Pictures do not belong in the copy. Write out exactly the lines from the one containing "Simple line art" through the end of the data.

(Extracted records)
▽

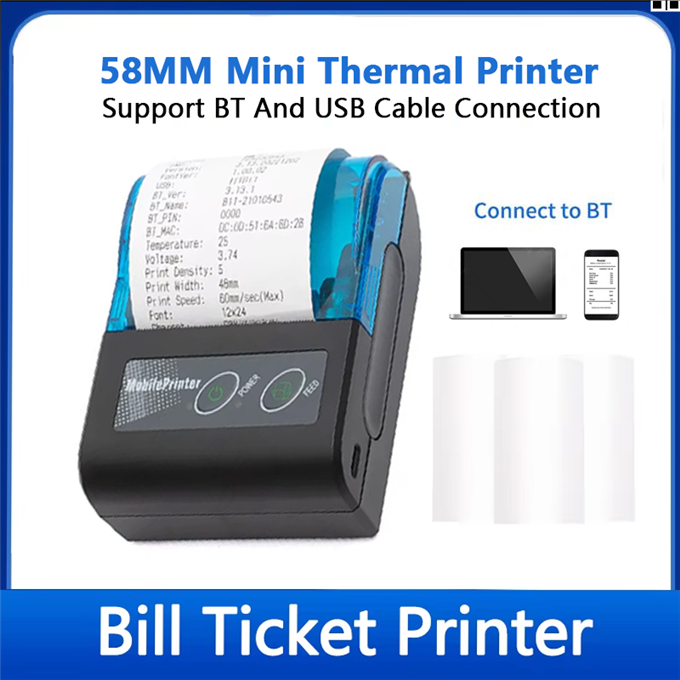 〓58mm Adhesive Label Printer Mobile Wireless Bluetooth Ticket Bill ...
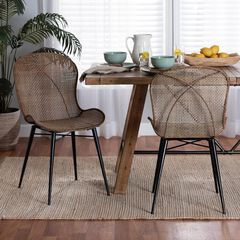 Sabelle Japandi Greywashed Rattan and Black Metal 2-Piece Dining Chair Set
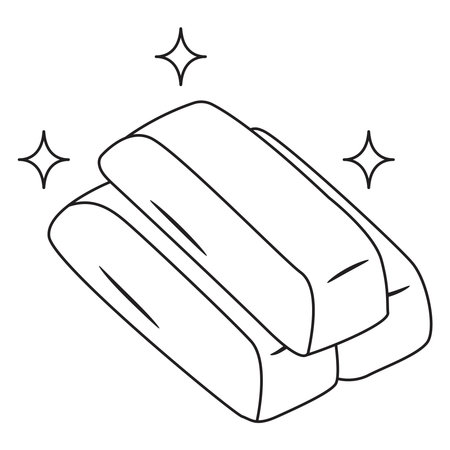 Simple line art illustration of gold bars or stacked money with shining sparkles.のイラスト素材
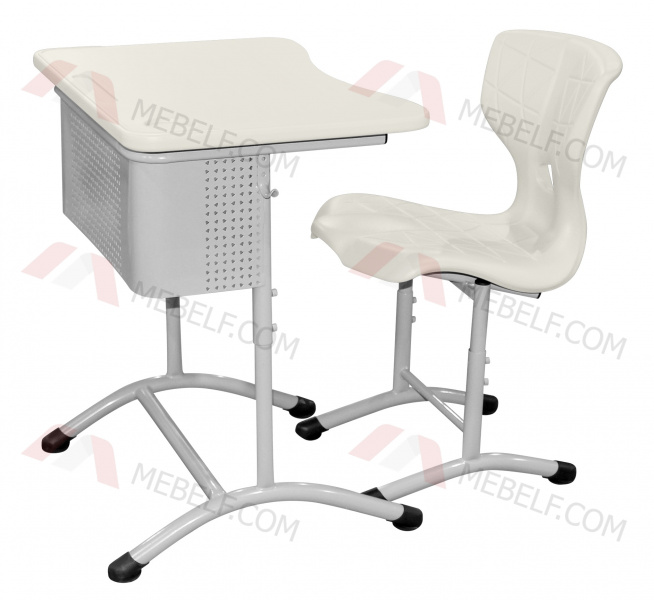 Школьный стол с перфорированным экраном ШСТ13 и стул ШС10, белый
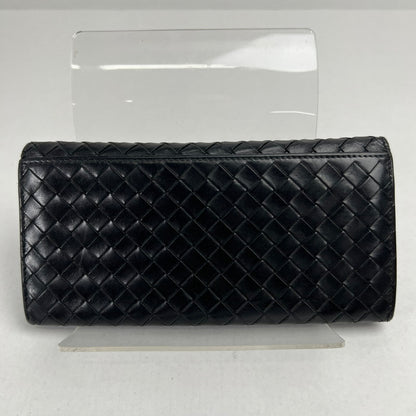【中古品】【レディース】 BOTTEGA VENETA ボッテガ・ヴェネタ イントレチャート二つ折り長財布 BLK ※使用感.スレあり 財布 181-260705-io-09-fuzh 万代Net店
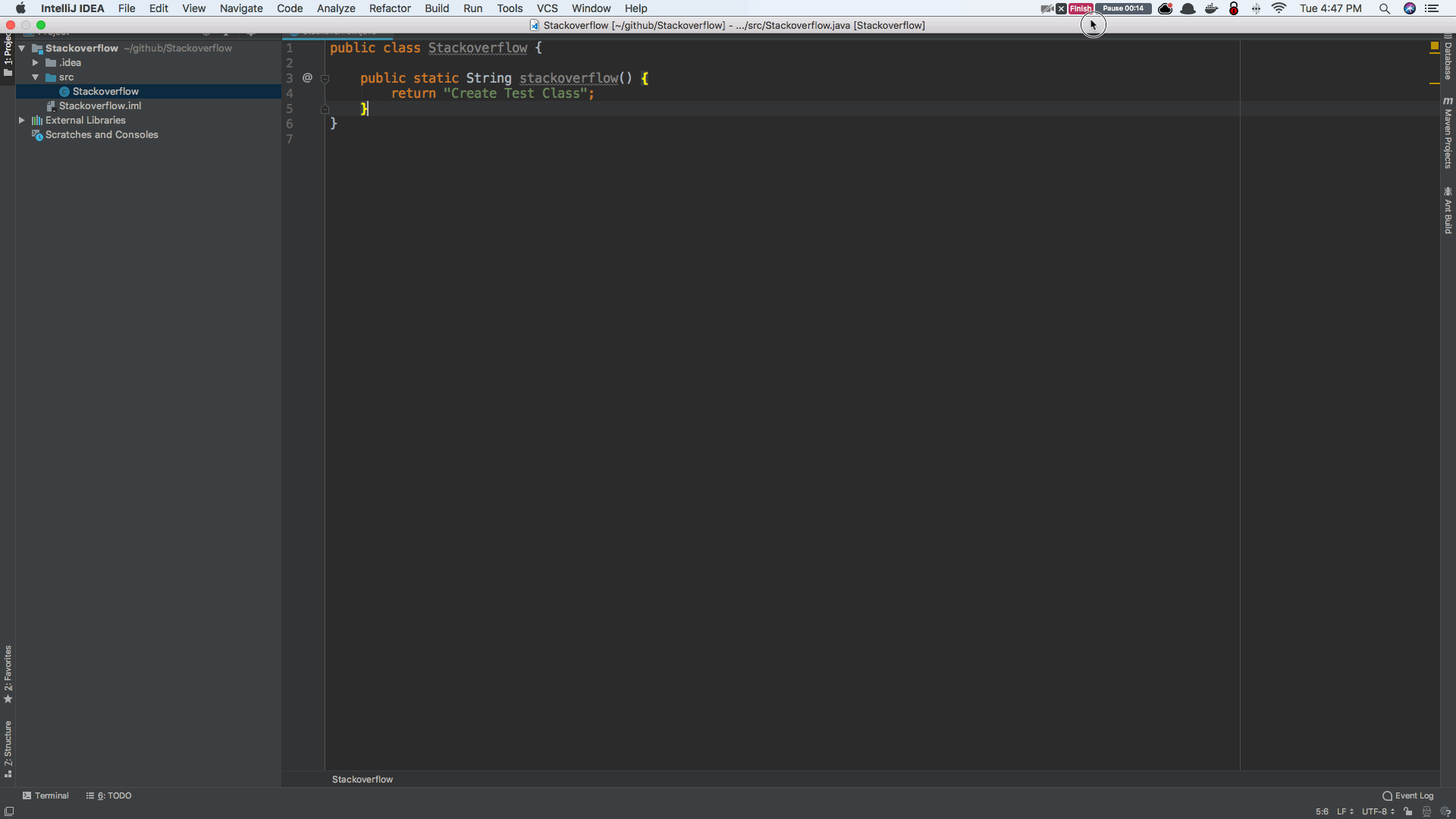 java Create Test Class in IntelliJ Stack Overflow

△

• Response box:
 Simple line art illustration of gold bars or stacked money with shining sparkles.のイラスト素材
 Школьный стол с перфорированным экраном ШСТ13 и стул ШС10, белый
【中古品】【レディース】 BOTTEGA VENETA ボッテガ・ヴェネタ イントレチャート二つ折り長財布 BLK ※使用感.スレあり 財布 181-260705-io-09-fuzh 万代Net店
 java Create Test Class in IntelliJ Stack Overflow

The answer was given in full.